A second point of contention is the ability to store data. Integrating an object storage instead of simply writing data to the disk will, again, help with scaling.

A more subtle point of contention may be the storage of sessions. Sessions are usually built by sending the user a session ID via a cookie and then storing a blob of data on the disk or in the database. The problem is not only the storage, but also that moving from a local filesystem to a database may create a race condition that may present a security issue with your application.

A similar issue arises when near-realtime data exchange is desired between a large amount of users (e.g. a chat application). While a single server can scale to tens of thousands of users, that server is neither redundant, nor will it serve an endless number of users. PubSub systems can help with that.

The Twelve Factor App#

Once we survive the first night after the launch of our application it often becomes time to deal with long-term architectural problems. The 12 factor app is a concept that collects the current best practices of writing applications for the cloud. Keep in mind that these are just guidelines and you should never make a religious tirade out of following these guidelines. Instead, apply common sense and be pragmatic about what to do.

1. Codebase#

This first guideline is pretty simple: keep your application in a version control system. While this should be the default in 2020, it unfortunately still bears saying.

2. Dependencies#

This recommendation deals with dependencies. Almost every programming language ecosystem nowadays has a dependency manager to handle downloading dependencies. These dependencies should be declared explicitly in the configuration file for the dependency manager (e.g. package.json, composer.json, pom.xml, etc.)

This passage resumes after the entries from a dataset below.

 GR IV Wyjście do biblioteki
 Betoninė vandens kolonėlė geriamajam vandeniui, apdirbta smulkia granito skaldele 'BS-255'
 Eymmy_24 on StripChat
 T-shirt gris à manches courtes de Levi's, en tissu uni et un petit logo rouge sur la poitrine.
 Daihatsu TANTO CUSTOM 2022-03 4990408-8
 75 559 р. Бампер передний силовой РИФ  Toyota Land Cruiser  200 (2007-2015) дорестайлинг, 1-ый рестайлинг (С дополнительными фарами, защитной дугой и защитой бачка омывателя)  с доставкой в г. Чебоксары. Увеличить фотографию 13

Furthermore, these dependency managers often create a lock file (npm-package-lock.json, composer.lock, etc.). They record the exact versions, and sometimes hashes of the third party library. This ensures that the same exact version is installed in the development and production builds.

3. Configuration#

While in older times configuration files had many formats, modern, container-based applications distinctly move towards environment variables. Environment variables are a cross-platform way to provide variables to an application and give a DevOps engineer a flexible way to configure a containerized application.

4. Backing services#

External databases, caches, etc. should be treated as such. This means that the connection options (server name, url, username, password, etc) should be configurable via environment variable and should also be replacable by a system administrator by simply reconfiguring the container.

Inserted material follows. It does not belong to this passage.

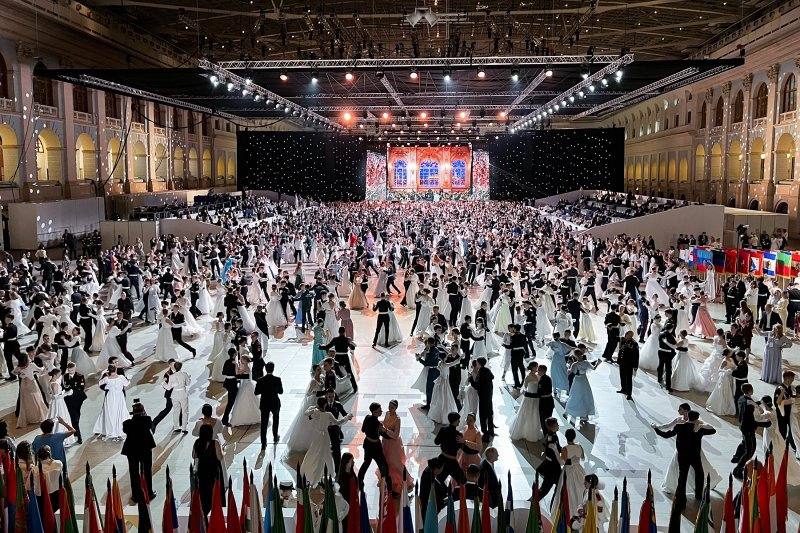 Школьники из Белинского района и Никольска побывали на Кадетском балу в Кремле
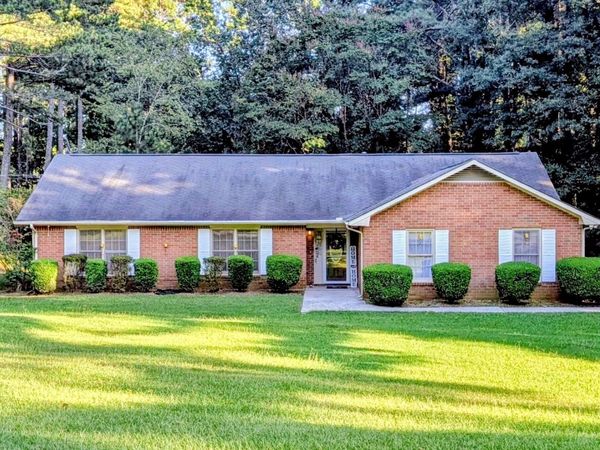 100 Whitney Way, Fayetteville, GA 30214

Testing is also important with services that are not as well standardized as, for example, a MySQL database. For example, many S3 implementations only support Amazon's version and cannot be configured to use alternative providers. An application following this recommendation should be tested against at least one other S3 provider.

5. The build process#

The build recommendation says that the build process should be separated from the runtime configuration and the release process. In practice this means that you don't bake your configuration into your container. It also means that each release should have a version number or date, allowing you to roll back to a specific version.

6. Stateless processes#

The processes recommendation says that your application should run as a single program without any shared data between different copies of your application. Any state should be outsourced to an external database or system as mentioned before.

7. Network configuration#

The port binding recommendation says that an application is standalone and does not require an external webserver to run. (Typically PHP applications require a bit of legwork to satisfy this requirement.)

8. Process handling#

The concurrency recommendation defines a number of rules for process handling. It requires that it should be possible to run multiple copies of the application, optionally across several machines. It also requires that the application should not daemonize.

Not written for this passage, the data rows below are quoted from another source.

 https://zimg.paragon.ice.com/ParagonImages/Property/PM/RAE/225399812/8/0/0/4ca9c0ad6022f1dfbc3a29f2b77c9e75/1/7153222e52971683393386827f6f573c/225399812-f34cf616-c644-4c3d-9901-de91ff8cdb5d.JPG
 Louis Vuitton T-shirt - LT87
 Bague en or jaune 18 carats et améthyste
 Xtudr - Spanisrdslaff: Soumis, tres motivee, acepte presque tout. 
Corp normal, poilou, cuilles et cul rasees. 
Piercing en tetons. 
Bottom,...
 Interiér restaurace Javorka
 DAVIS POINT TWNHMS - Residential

While this may seem as trivial with a green field project, it is definitely a challenge for legacy application.

9. Disposability#

This recommendation states that an application should have a fast startup and should also shut down quickly when receiving the TERM signal. Applications should also be able to recover from unexpected crashes.

10. Development/production gap#

The dev/prod parity recommendation postulates that developers of apps should strive to have a continuous method of deployment that allows for rapid rollout of updates. This lowers the work a developer needs to go through to deploy and therefore promotes smaller change sets.

Smaller change sets make tracking down issues with deployments easier, but can be impractical when working with larger, slower moving clients. (e.g. banks, telcos, etc.)

11. Logs#

The logs recommendation states that an app should simply write logs to the standard output in a standardized form (e.g. JSON). Everything else, like routing or storing logs, is not the applications concern.

In practice each application contains at least some basic logic to filter logs to make it easier to configure the logging level.

12. Tooling#

The admin process recommendation concerns itself with the command line tools needed to operate the application. These are things like running database migrations, etc. The recommendation says that these tools should be runnable directly from the applications directory without much extra configuration or installation.

Tip

These factors are, of course, not exhaustive. IBM has published a whole host of additional factors.

Monitoring and metrics collection#

The above 12 factors are, by necessity, limited in scope. The author(s) of those 12 factors have taken many things into account, yet left out others.

One of the most important aspects left out of the list above is monitoring. Any developer wanting to working a cloud-native environment needs to consider monitoring. After all, the journey to the cloud is supposed to bring greater stability and facilitate rapid development cycles.

In this section we will discuss the monitoring types and their practical implementation.

Periodic checks#

One of the most classic forms of monitoring are periodic checks. Periodic checks run a certain check, for example a connection, against the application. If the connection succeeds the check is green, if not the check is red and an alert is sent out. The check types are varied, ranging from a simple connection attempt to a fully blown interaction with the application.

These checks not only serve the purpose of alerting the administrator but can also work as a trigger for a self-healing system. In a containerized environment, for example, we have several options to implement a self-healing system. You can add the HEALTHCHECK directive in the Dockerfile for example, or you can implement Liveness, Readiness, and Startup Probes in Kubernetes.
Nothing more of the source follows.